Prevalence and Potential Risk Factors for Escherichia coli Isolated from Tibetan Piglets with White Score Diarrhea
Prevalence and Potential Risk Factors for Escherichia coli Isolated from Tibetan Piglets with White Score Diarrhea
Hailong Dong1, Hui Zhang2, Kun Li2, Khalid Mehmood2,3, Mujeeb Ur Rehman2, Fazul Nabi2, Yajing Wang2, Zhenyu Chang1,2, Qingxia Wu1,* and Jiakui Li1,2,*
1Key Laboratory of Clinical Veterinary Medicine in Tibet, XiZang Agriculture and Animal Husbandry College, Linzhi 860000 Tibet, People’s Republic of China
2College of Veterinary Medicine, Huazhong Agricultural University, Wuhan 430070, People’s Republic of China
3University College of Veterinary and Animal Sciences, Islamia University of Bahawalpur, Bahawalpur 63100, Pakistan
Hailong Dong and Hui Zhang contributed equally in this article.
ABSTRACT
This study was undertaken to determine the prevalence and pathogenic potential of Escherichia coli (E. coli) isolated from piglets having white score diarrhea as a result of outbreak occurred in Qinghai Tibetan Plateau in 2015. A total of 81 E.coli were isolated from 83 fecal samples. The organisms were inoculated on MacConkey agar and EMB agar and identified via biochemical tests. Polymerase chain reaction was used to detect representative virulence factors or genes, including E.coli adherence factor (K88, CS31A, afaE-8), toxins (estA, estB, Stxl, Stx2, EAST1), pathogenicity island (eaeA, irp2, ETT2) and outer membrane protein (ompA). Moreover O-antigen serotype was tested by slide agglutination test and a mouse model was built to assess the lethality of the E.coli isolates through subcutaneous-infection. Out of 81 E.coli isolates, the most prevalent gene detected was ompA (90.12%), followed by ETT2 (69.14%), irp2 (54.32%), EAST1 (46.91%), CS31A (41.98%), estB (19.75%), eaeA (14.81%), estA (12.35%) and K88 (1.23%), while others were negative. The result showed that the main serotypes of E. coli were O8, O64, O138, O157, O139 and O141, accounting for 60 (74.04%) of all strains, while mouse subcutaneous-infection model revealed that 45(55.56%) of the isolates were “killers”, 20 (24.69%) were pathopoiesia but not lead to die and 16 (19.75%) of the isolates were non virulent. This study reported the occurrence of pathogenic E. coli isolated from Tibetan piglets with white score diarrhea which highlights the threat of pathogenic E.coli in free ranging Tibetan piglets, as the local herdsmen can directly suffer a great economic loss.
Article Information
Received 07 April 2017
Revised 12 June 2017
Accepted 07 July 2017
Available online 19 December 2017
Authors’ Contribution
HLD, HZ and KL conceived and designed the experiments. MUR, MK and FN contributed reagents, materials and analysis tools. HZ, YW, ZC, JL and QXW wrote the manuscript.
Key words
Escherichia coli (E. coli), Pathogenic, Virulence associated genes, O-antigen serotype, Tibetan piglets.

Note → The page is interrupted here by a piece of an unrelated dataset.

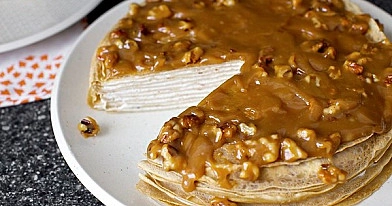 Tort bananowy z kremem twarogowym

DOI: https://dx.doi.org/10.17582/journal.pjz/2018.50.1.57.63
* Corresponding authors: [email protected];
0030-9923/2018/0001-0057 $ 9.00/0
Copyright 2018 Zoological Society of Pakistan
Introduction
Escherichia coli (E. coli) is a commensal bacterium and opportunistic pathogen that is commonly found in the intestinal tracts of animals and humans (Li et al., 2014). However, some E. coli have acquired virulence genes rendering them pathogenic and can cause a variety of diseases in animals (Kaper et al., 2004). The major clinical manifestation of E. coli is severe diarrhea, dehydration, or sepsis (Gibbs et al., 2004), and also remained prevalent for a long-term in Tibetan pigs, with the main clinical symptoms as stunted growth or death, especially for piglets the harm was bigger.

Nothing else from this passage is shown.